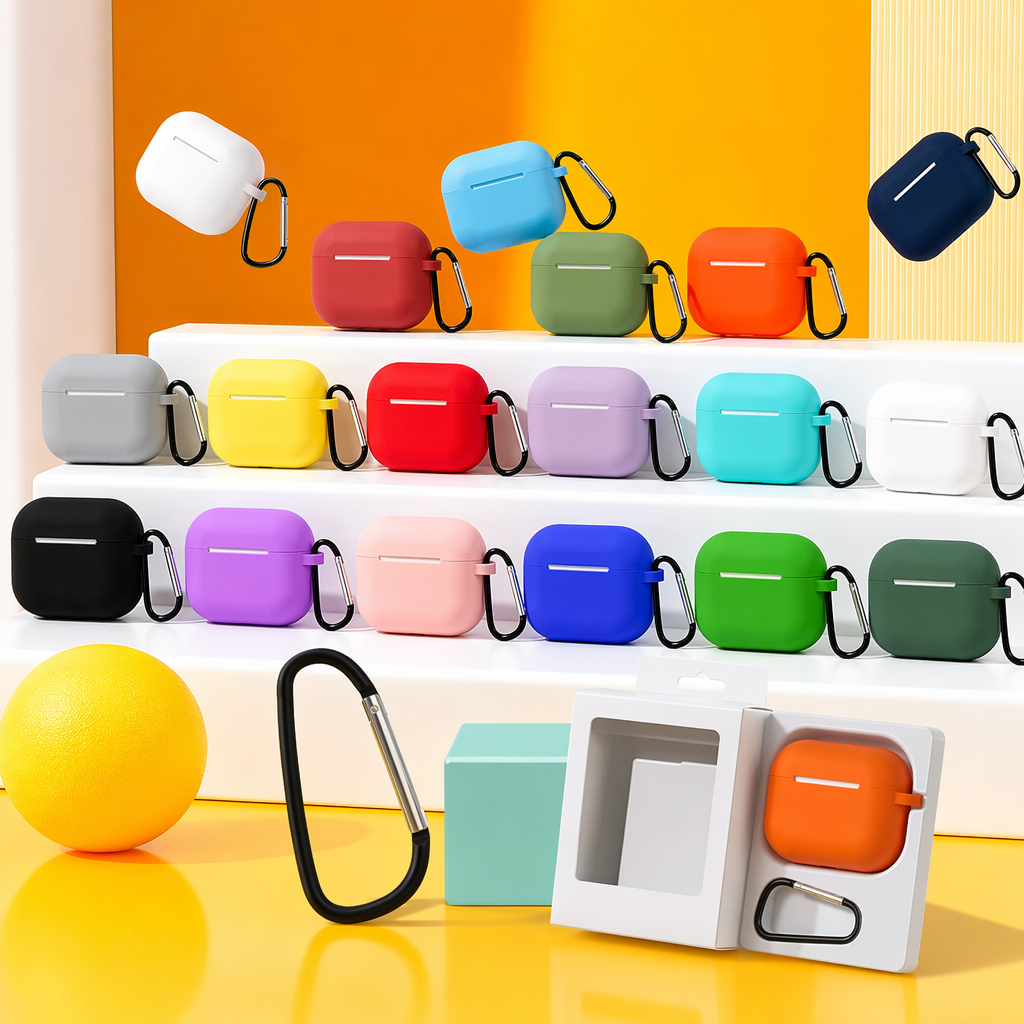 أما ربط أحزمة الأغلفة باللون AirPODS Pro3 فهو قابل للشحن اللاسلكي من أبل Specification image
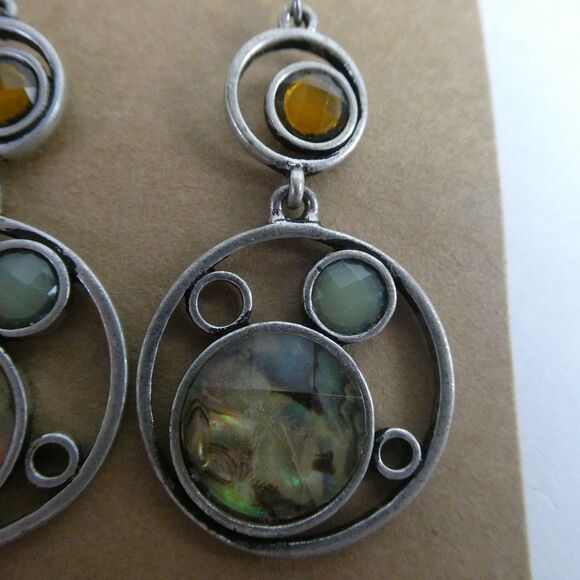 Silver Tone Abalone Shell Rhinestone Jeweled Dangle Earrings Pierced Circle - Picture 3 of 7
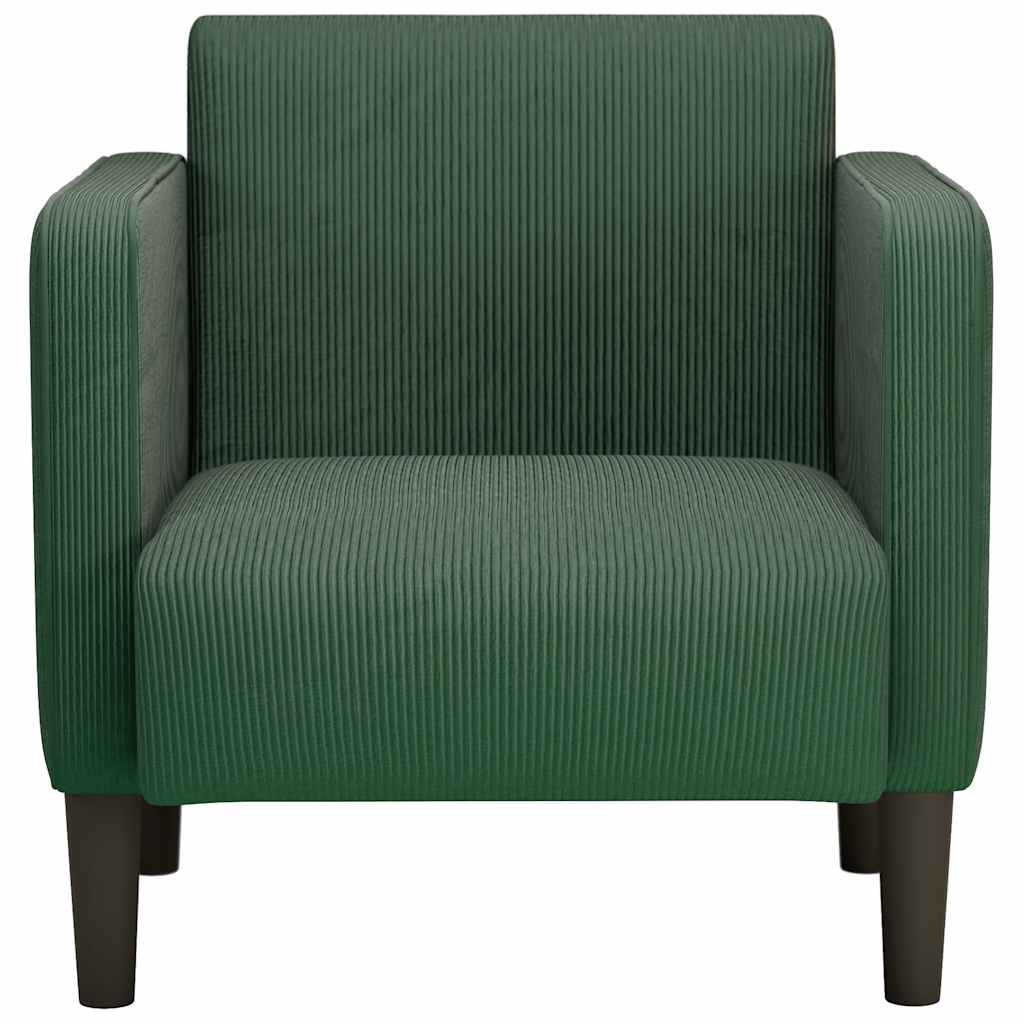 vidaXL Sofa Fotel z Podłokietnikami ciemnozielona 54cm Tkanina Corduroy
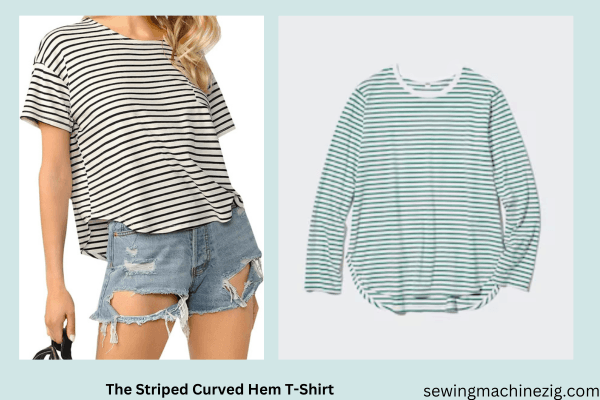 The Striped Curved Hem T-Shirt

Activity:
Leave out the pictures, and retype exactly the lines from the one containing "vidaXL Sofa Fotel" through the last line of the data above, no more and no less.

Response for this exercise:
 vidaXL Sofa Fotel z Podłokietnikami ciemnozielona 54cm Tkanina Corduroy
 The Striped Curved Hem T-Shirt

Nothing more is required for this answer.